0

I'm working on a python web scraper to try to grab information for a project I'm doing. I'm using it on twitter atm as I found the twitter api wouldn't grab information any older than a week. The code I'm using is:

import urllib
import urllib.request
from bs4 import BeautifulSoup as soup

my_url = 'https://twitter.com/search?q=australian%20megafauna&src=typd&lang=en'

page_html = urllib.request.urlopen(my_url)
page_soup = soup(page_html, "html.parser")

print(page_soup.title.text)

for tweet in page_soup.findAll('p', {'class': 'TweetTextSize'}, lang='en'):
    print(tweet.text)

From my understanding, the attribute part of findAll can use a colon to use as a LIKE function and that seems to work okay. the specific part of the HTML I'm looking at using 'findAll' is:

<p class="TweetTextSize  js-tweet-text tweet-text" lang="en" data-aria-
label-part="0"></p>

Now I've looked through the other tweets and they all seem to use this class however I cannot figure out why it will only return 1 tweet. Strange thing is, it's not even the first tweet (it's the second).

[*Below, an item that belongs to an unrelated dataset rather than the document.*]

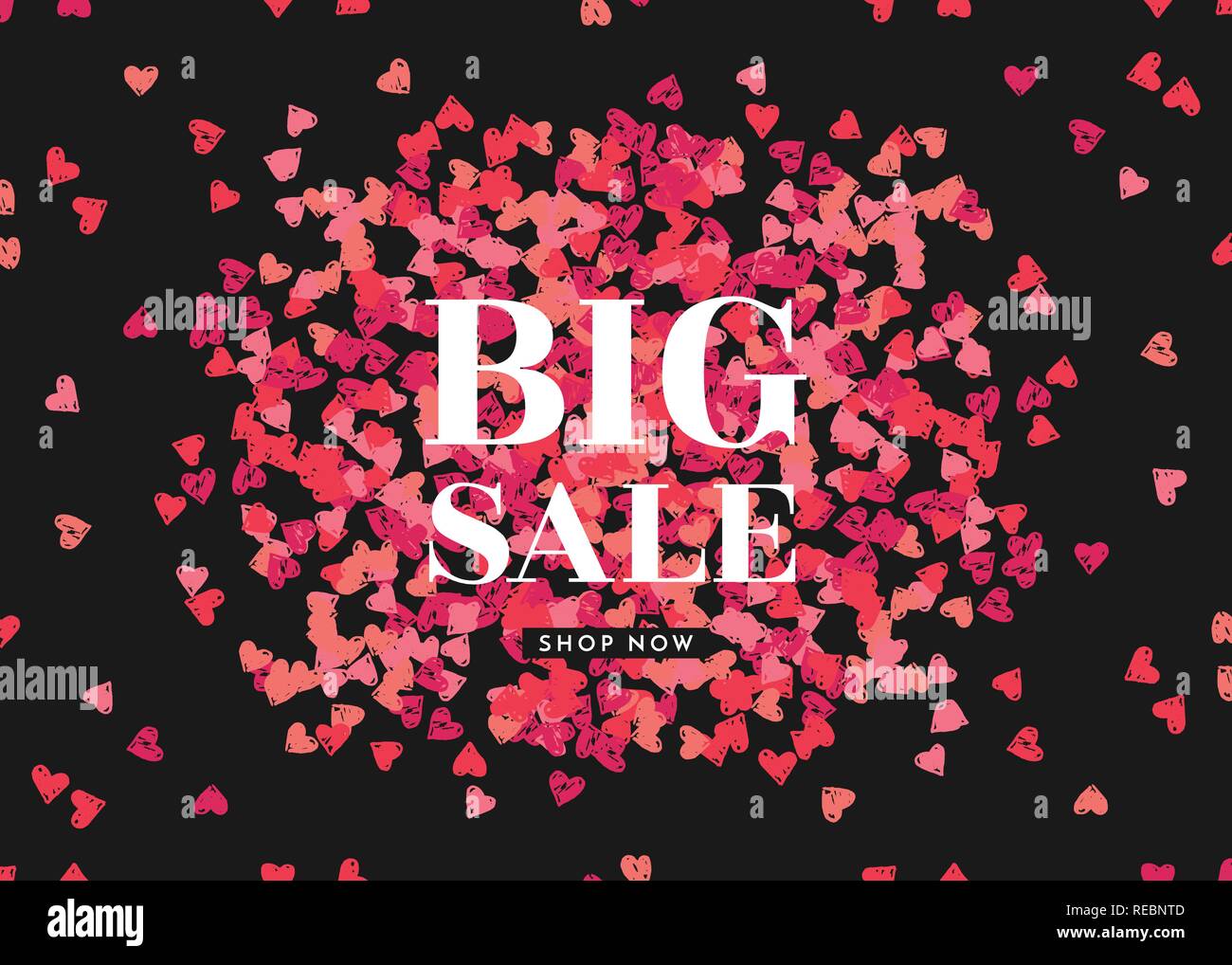 Valentine's Day sale modèle d'affiche avec des confettis en forme de cœur et un texte blanc sur fond noir. Illustration de Vecteur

If someone could point me in the right direction that'd be great. Thanks.

PS: I'd also like to ask if there was a way to grab ALL the tweets. When browsing through the HTML, I found that there was a class called "stream-container" which had an element 'data-min-position' which would change whenever you scrolled down and open up new tweets. I'm thinking even if my code did work it might not be able to see ALL the results of the search and only grab from the initial page. Thanks.

Edit: noticed my code was using a url with lang='en' so a little redundant but it doesn't seem to affect it at all

2 Answers2

0

Try this:

  my_url = 'https://twitter.com/search?q=australian%20megafauna&src=typd&`lang=en'

  page_html = urllib.urlopen(myurl).read()

It should work. With python3 you can do this:

import urllib.request
with urllib.request.urlopen(my_url) as f:
  page_html = f.read()
Mekicha
  • 811
  • 9
  • 21
  • Still only giving me that 1 tweet. Didn't really work with the ` in the url so I just removed the quotes around 'en'. – Amazed Bystander Aug 04 '17 at 10:18
  • Are you adding the `.read()` method? And `print` your `page_html` again to see if anything changed. – Mekicha Aug 04 '17 at 10:39
  • Yup, I tried once more just to make sure. The .read() method doesn't seem to work with .request before urlopen so I kept it in there. page_html still only came up with just those two, so I'm not sure whats going on. Still haven't figured out why this is happening (maybe reading off a cached version of the site?), but I suppose for selenium it opens the page in browser which i suppose helps. Thanks for all the help! – Amazed Bystander Aug 04 '17 at 11:02
  • One more question though. Are you using python2 or python3? – Mekicha Aug 04 '17 at 11:12
  • Ah, it was python3 – Amazed Bystander Aug 04 '17 at 12:02
0

Thanks for all the help. So I still haven't figured out why my urlrequest was providing me with an incomplete version of the page html. However I've found a work around using selenium as @ksai suggested.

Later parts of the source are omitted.